About this task —
Although the entries contain pictures, only their text goes into the copy, set down exactly.

*** Data for this exercise ***

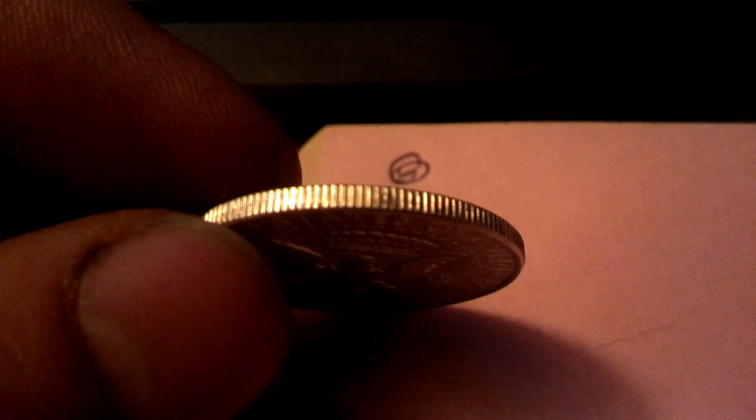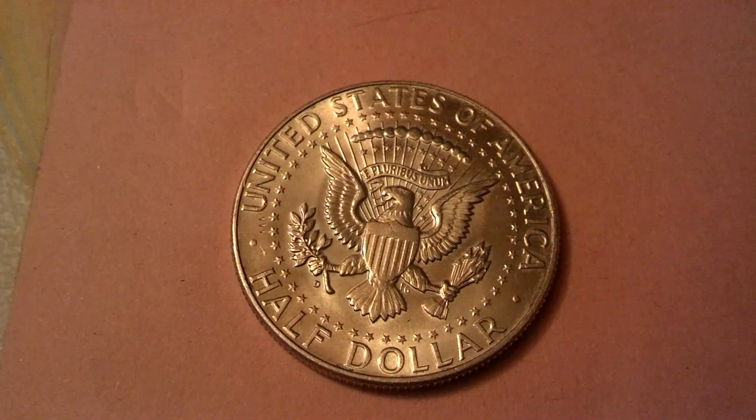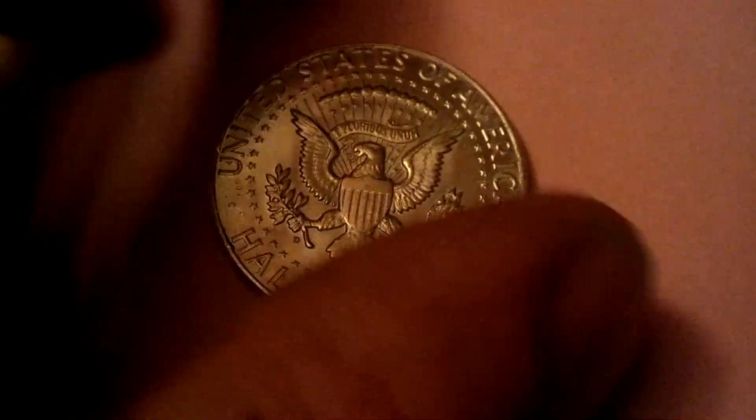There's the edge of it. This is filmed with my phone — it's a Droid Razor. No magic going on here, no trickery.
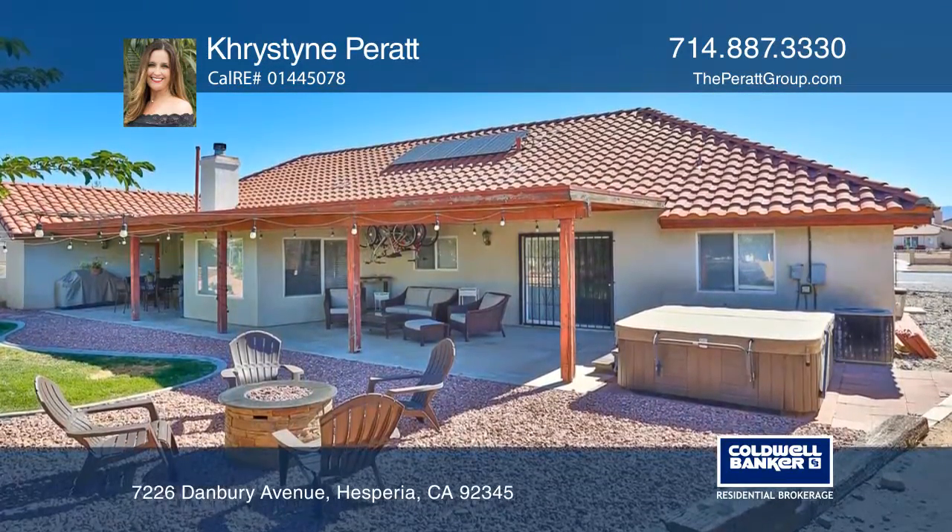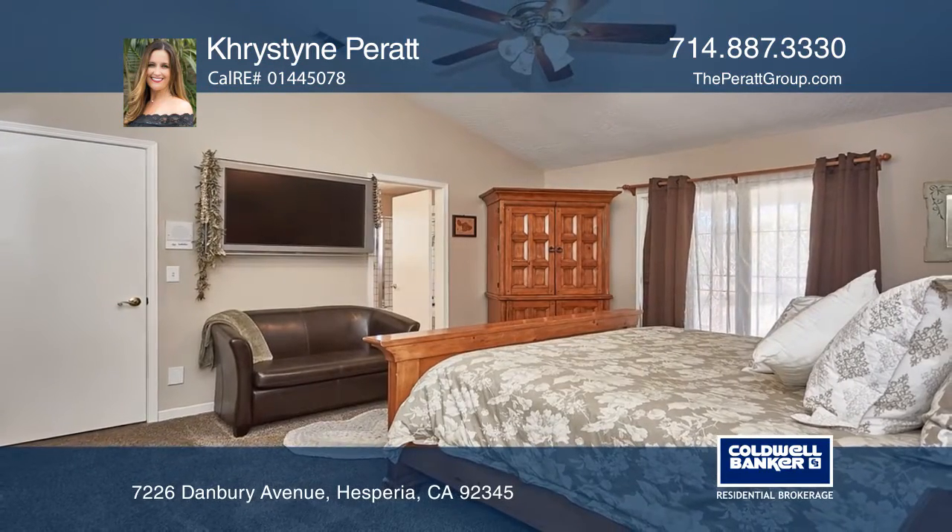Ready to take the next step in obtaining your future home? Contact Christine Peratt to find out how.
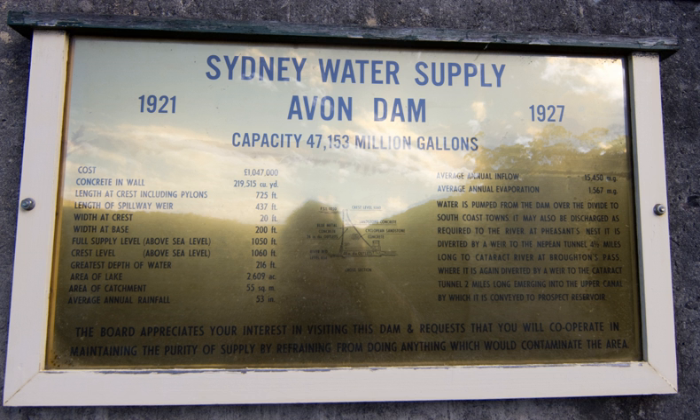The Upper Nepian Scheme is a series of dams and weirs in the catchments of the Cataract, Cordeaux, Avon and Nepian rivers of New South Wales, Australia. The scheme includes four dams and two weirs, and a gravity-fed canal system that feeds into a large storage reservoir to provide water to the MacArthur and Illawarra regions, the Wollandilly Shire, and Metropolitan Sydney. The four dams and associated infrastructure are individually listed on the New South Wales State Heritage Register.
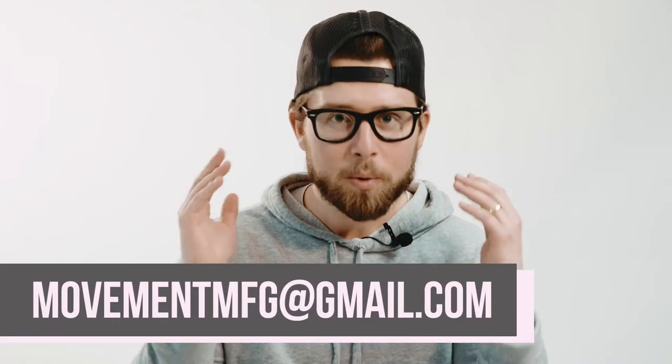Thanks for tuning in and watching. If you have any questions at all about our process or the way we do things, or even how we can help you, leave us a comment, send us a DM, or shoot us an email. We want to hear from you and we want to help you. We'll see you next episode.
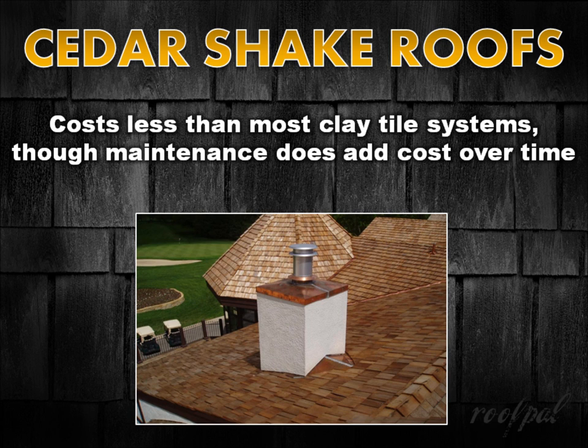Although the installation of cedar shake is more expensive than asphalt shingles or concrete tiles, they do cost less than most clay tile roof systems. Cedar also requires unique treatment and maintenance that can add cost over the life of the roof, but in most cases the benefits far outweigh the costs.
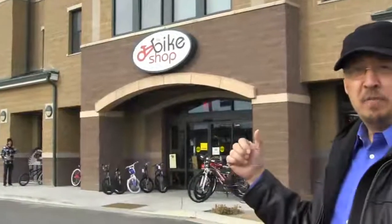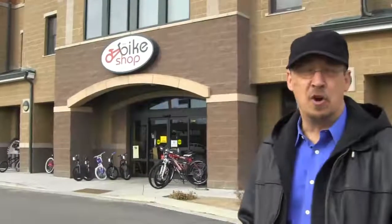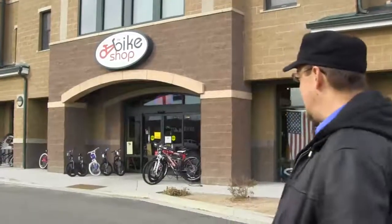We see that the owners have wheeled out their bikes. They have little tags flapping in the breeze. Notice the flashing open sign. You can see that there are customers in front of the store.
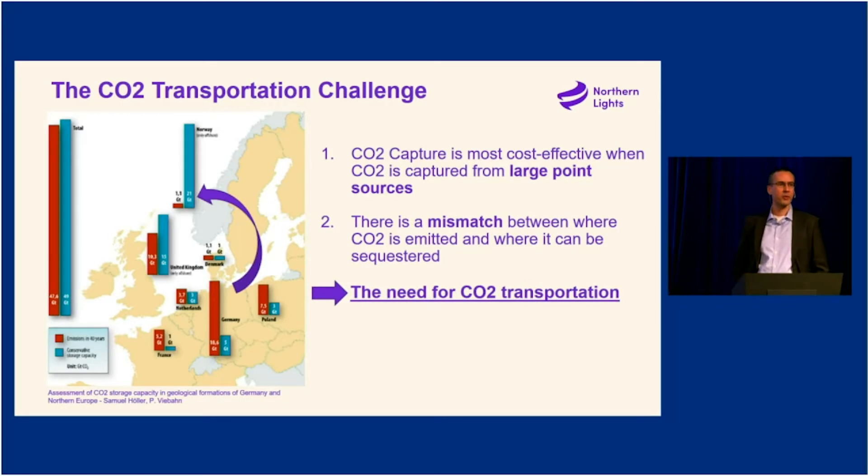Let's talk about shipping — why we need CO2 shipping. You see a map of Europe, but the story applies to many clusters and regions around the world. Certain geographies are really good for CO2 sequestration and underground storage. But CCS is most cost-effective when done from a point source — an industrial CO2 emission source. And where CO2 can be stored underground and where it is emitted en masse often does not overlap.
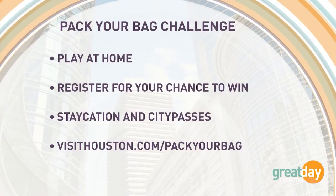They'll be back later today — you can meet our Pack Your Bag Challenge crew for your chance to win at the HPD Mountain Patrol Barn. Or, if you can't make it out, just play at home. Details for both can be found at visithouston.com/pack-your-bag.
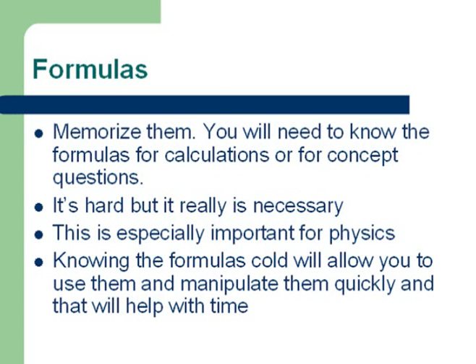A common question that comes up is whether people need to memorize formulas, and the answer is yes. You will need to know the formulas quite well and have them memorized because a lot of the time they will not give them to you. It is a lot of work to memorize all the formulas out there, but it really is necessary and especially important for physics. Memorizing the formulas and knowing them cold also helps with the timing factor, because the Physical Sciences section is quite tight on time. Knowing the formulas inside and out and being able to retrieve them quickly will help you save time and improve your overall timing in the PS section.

*** End of Data for this exercise ***

Result —
There's the edge of it. This is filmed with my phone — it's a Droid Razor. No magic going on here, no trickery.
Ready to take the next step in obtaining your future home? Contact Christine Peratt to find out how.
The Upper Nepian Scheme is a series of dams and weirs in the catchments of the Cataract, Cordeaux, Avon and Nepian rivers of New South Wales, Australia. The scheme includes four dams and two weirs, and a gravity-fed canal system that feeds into a large storage reservoir to provide water to the MacArthur and Illawarra regions, the Wollandilly Shire, and Metropolitan Sydney. The four dams and associated infrastructure are individually listed on the New South Wales State Heritage Register.
Thanks for tuning in and watching. If you have any questions at all about our process or the way we do things, or even how we can help you, leave us a comment, send us a DM, or shoot us an email. We want to hear from you and we want to help you. We'll see you next episode.
Although the installation of cedar shake is more expensive than asphalt shingles or concrete tiles, they do cost less than most clay tile roof systems. Cedar also requires unique treatment and maintenance that can add cost over the life of the roof, but in most cases the benefits far outweigh the costs.
We see that the owners have wheeled out their bikes. They have little tags flapping in the breeze. Notice the flashing open sign. You can see that there are customers in front of the store.
Let's talk about shipping — why we need CO2 shipping. You see a map of Europe, but the story applies to many clusters and regions around the world. Certain geographies are really good for CO2 sequestration and underground storage. But CCS is most cost-effective when done from a point source — an industrial CO2 emission source. And where CO2 can be stored underground and where it is emitted en masse often does not overlap.
They'll be back later today — you can meet our Pack Your Bag Challenge crew for your chance to win at the HPD Mountain Patrol Barn. Or, if you can't make it out, just play at home. Details for both can be found at visithouston.com/pack-your-bag.
A common question that comes up is whether people need to memorize formulas, and the answer is yes. You will need to know the formulas quite well and have them memorized because a lot of the time they will not give them to you. It is a lot of work to memorize all the formulas out there, but it really is necessary and especially important for physics. Memorizing the formulas and knowing them cold also helps with the timing factor, because the Physical Sciences section is quite tight on time. Knowing the formulas inside and out and being able to retrieve them quickly will help you save time and improve your overall timing in the PS section.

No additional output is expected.